BIDS Conversion

The conversion of a study raw dataset to a BIDS compliant dataset relies on a proper specification. The outcome of such a conversion is again a datalad dataset. It contains a reference to the study dataset it was build from, but can be used and shared without access to the study dataset.

Dataset creation

First, create the to-be BIDS dataset pretty much the same way as you create a study dataset:

datalad rev-create [TARGET-DIR]

If you don't provide a target dir, the dataset will be created in the current working directory. This will create an empty datalad dataset.

To preconfigure it to be a BIDS dataset however, you need to run a dedicated setup procedure from within the dataset:

cd [TARGET-DIR]
datalad run-procedure setup_bids_dataset

Reference needed input

Now the study dataset to be converted is needed. Install it as a subdataset sourcedata into the BIDS dataset:

datalad install -d . -s [PATH TO STUDY DATASET] sourcedata

Note, that we are assuming you created your study dataset according to the setup page or the accompanying demo. That is, it has the toolbox installed as a subdataset.

Conversion

Assuming that the study dataset comes with a proper study specification, you can now convert it by calling:

datalad hirni-spec2bids --anonymize sourcedata/studyspec.json sourcedata/*/studyspec.json

Several things are to be noted here. First, there is a switch --anonymize. This is optional and ensures that within the resulting BIDS dataset subjects are referred to only by their anon_subject ID according to the specification. There shouldn't be any hint on the original subject ID in the commit messages or paths in the new dataset. By default this should also run a defacing routine, that should be specified in an acquisition's specification file within a snippet of type dicomseries:all. You can change this by editing this specification.

Furthermore, you may notice that the call as shown above references not the study dataset to be converted but the specification files. This means, you don't need to convert the entire dataset at once. You can also convert a single acquisition instead. In fact, you can even have several specification files per acquisition and run a conversion based on a single file.
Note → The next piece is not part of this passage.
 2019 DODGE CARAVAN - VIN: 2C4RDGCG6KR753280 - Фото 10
Further limitation is available via the option --only-type, which allows to convert only snippets of that particular type.

Dropping raw data

Finally, you can uninstall the source dataset by running:

datalad uninstall -d . -r --nocheck sourcedata

This will leave you with just the BIDS dataset. It still contains a reference to the data it was derived from, but doesn't contain that data.

Demo: Conversion to BIDS

This demo shows how to convert a hirni study dataset into a BIDS compliant dataset. The study dataset we use is the one created by the study dataset demo. We will use a published version of that dataset available from github, but you can also build it yourself by following said demo and use that one.

BIDS Dataset

The idea is to create a new dataset, that will become the BIDS Dataset and reference our study dataset - that bundles all the raw data - by making it a subdataset of the derived one. Please note, that this does NOT mean, that the new BIDS dataset contains the raw data. It just references it and thereby creates a fully reproducible history record of how it came to be. The study dataset does NOT need to be shared if you want to share the BIDS dataset. Rather it is possible to trace everything back to the original raw data for everyone who has the BIDS dataset IF he also has access/permission to get that subdataset.
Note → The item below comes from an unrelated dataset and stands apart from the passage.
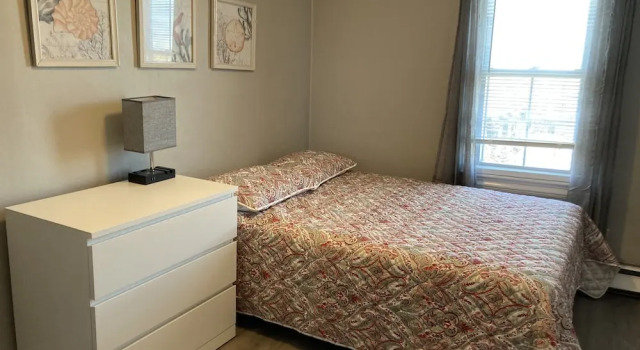 Номер Comfort Ocean Park Inn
In order to get our to-be BIDS dataset from the raw dataset, we create a new dataset and run the setup_bids_dataset procedure to configure it:

% datalad rev-create demo_bids
% cd demo_bids
% datalad run-procedure setup_bids_dataset

Now we install our study dataset as a subdataset into our new dataset at its subdirectory sourcedata. By that, we reference the exact state of our study dataset at the moment of installation. While this may create some data duplication, please note several things: First, the new subdataset doesn't need to hold all of the actual content of the study dataset's files (although it can retrieve it, it doesn't by default during installation). Rather it's about referencing the input data (including the code and environments in hirni's toolbox) at their exact version to achieve full reproducibility. We can thereby track the converted data back to the raw data and the exact conversion routine that brought it into existence. Second, this subdataset can later be removed by datalad uninstall, freeing the space on the filesystem while keeping the reference:

% datalad install --dataset . --source https://github.com/psychoinformatics-de/hirni-demo sourcedata --recursive

Note, that if you want to use a local study dataset (i.e. created yourself via the study dataset demo) you can simply replace that URL with the path to your local one.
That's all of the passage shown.